By Greg Burns in Boca Raton, Fla. | Gary Gensler brought a tough-love message to the futures industry confab here Thursday, promising more extensive regulation of financial derivatives.
But he also tried to extend an olive branch to one part of the business that could benefit if credit-default swaps and other over-the-counter contracts get pushed onto regulated exchanges and clearinghouses, as the Commodity Futures Trading Commission chairman wants.
Directing a question from his seat in the audience to a panel of exchange leaders at the Futures Industry Association meeting, Gensler asked CME Group Chief Executive Craig Donohue if moving OTC products onto exchanges would be “desirable.”

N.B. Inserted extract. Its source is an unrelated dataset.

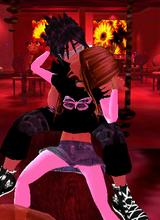 avpic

“On a superficial level,” Donahue replied, it would be “tempting” to agree.
“I’ve been agreed with superficially before,” Gensler said.
Donohue explained that defining standardized OTC contracts suitable for listing on exchanges would be almost impossible, and if the government proceeded with rules, “People will engineer around that in a way that makes it less than useful.”
After the panel, a smiling Gensler told Donohue he had missed a chance to tout the CME. “Craig, there’s a 3-foot putt,” Gensler said. “Just promote your exchange model.”
But Gensler also recognized that some of CME’s biggest customers might not appreciate Donohue taking Gensler’s side in the debate over new regulation. “This dealer group has a lot of economic power.”